## What you should do
Below are the records. Retype exactly the lines between the lines holding "Portret Arjen Robben" and "Clear Vinyl (Pair)", inclusive.

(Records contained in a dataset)
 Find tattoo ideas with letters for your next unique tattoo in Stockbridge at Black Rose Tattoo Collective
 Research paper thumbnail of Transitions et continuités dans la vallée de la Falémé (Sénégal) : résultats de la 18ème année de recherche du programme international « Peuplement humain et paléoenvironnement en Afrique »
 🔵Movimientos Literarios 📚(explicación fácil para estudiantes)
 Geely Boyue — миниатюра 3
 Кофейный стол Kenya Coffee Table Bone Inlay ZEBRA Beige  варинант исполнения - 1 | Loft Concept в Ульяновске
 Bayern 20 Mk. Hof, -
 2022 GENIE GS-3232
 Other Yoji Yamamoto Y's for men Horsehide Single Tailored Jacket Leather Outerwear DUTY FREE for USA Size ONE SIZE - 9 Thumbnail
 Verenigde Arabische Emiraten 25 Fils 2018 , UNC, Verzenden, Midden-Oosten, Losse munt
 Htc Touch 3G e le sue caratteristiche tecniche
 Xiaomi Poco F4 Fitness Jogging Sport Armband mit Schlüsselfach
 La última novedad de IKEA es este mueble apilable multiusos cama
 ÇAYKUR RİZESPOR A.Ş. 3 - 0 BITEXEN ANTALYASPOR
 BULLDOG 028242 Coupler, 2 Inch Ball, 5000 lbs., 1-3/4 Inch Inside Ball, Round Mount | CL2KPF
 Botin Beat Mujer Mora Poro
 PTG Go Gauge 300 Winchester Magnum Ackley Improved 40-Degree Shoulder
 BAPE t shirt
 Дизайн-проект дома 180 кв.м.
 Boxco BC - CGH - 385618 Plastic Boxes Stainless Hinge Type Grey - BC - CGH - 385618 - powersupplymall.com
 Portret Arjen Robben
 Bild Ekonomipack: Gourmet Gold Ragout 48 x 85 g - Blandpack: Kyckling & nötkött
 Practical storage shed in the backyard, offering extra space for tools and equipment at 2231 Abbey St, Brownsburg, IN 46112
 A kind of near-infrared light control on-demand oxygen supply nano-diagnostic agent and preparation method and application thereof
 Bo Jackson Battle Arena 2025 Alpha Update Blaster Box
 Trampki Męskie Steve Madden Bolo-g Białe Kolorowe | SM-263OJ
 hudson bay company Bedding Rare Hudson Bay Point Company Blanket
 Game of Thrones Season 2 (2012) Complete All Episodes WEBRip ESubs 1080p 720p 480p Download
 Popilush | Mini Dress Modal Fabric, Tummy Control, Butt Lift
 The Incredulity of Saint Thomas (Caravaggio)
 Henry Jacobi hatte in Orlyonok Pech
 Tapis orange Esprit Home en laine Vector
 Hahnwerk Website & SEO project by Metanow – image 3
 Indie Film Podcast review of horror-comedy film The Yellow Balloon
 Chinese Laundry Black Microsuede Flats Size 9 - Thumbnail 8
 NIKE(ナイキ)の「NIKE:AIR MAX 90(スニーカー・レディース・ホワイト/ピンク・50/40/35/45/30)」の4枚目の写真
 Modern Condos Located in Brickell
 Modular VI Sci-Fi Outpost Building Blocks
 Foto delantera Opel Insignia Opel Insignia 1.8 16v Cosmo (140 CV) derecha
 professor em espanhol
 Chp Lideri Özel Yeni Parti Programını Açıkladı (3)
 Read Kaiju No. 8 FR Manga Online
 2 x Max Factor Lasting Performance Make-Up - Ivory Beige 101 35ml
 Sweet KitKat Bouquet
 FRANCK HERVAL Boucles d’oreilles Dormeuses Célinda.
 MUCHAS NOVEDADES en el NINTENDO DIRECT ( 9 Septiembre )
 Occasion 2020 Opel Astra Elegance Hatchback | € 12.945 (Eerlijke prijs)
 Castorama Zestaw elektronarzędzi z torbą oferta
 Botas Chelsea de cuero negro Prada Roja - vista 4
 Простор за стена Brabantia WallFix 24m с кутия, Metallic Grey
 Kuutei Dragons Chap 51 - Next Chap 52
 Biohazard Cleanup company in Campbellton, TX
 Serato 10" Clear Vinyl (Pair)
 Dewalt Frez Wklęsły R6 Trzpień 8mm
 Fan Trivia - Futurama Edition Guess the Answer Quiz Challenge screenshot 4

## Response to this task
 Portret Arjen Robben
 Bild Ekonomipack: Gourmet Gold Ragout 48 x 85 g - Blandpack: Kyckling & nötkött
 Practical storage shed in the backyard, offering extra space for tools and equipment at 2231 Abbey St, Brownsburg, IN 46112
 A kind of near-infrared light control on-demand oxygen supply nano-diagnostic agent and preparation method and application thereof
 Bo Jackson Battle Arena 2025 Alpha Update Blaster Box
 Trampki Męskie Steve Madden Bolo-g Białe Kolorowe | SM-263OJ
 hudson bay company Bedding Rare Hudson Bay Point Company Blanket
 Game of Thrones Season 2 (2012) Complete All Episodes WEBRip ESubs 1080p 720p 480p Download
 Popilush | Mini Dress Modal Fabric, Tummy Control, Butt Lift
 The Incredulity of Saint Thomas (Caravaggio)
 Henry Jacobi hatte in Orlyonok Pech
 Tapis orange Esprit Home en laine Vector
 Hahnwerk Website & SEO project by Metanow – image 3
 Indie Film Podcast review of horror-comedy film The Yellow Balloon
 Chinese Laundry Black Microsuede Flats Size 9 - Thumbnail 8
 NIKE(ナイキ)の「NIKE:AIR MAX 90(スニーカー・レディース・ホワイト/ピンク・50/40/35/45/30)」の4枚目の写真
 Modern Condos Located in Brickell
 Modular VI Sci-Fi Outpost Building Blocks
 Foto delantera Opel Insignia Opel Insignia 1.8 16v Cosmo (140 CV) derecha
 professor em espanhol
 Chp Lideri Özel Yeni Parti Programını Açıkladı (3)
 Read Kaiju No. 8 FR Manga Online
 2 x Max Factor Lasting Performance Make-Up - Ivory Beige 101 35ml
 Sweet KitKat Bouquet
 FRANCK HERVAL Boucles d’oreilles Dormeuses Célinda.
 MUCHAS NOVEDADES en el NINTENDO DIRECT ( 9 Septiembre )
 Occasion 2020 Opel Astra Elegance Hatchback | € 12.945 (Eerlijke prijs)
 Castorama Zestaw elektronarzędzi z torbą oferta
 Botas Chelsea de cuero negro Prada Roja - vista 4
 Простор за стена Brabantia WallFix 24m с кутия, Metallic Grey
 Kuutei Dragons Chap 51 - Next Chap 52
 Biohazard Cleanup company in Campbellton, TX
 Serato 10" Clear Vinyl (Pair)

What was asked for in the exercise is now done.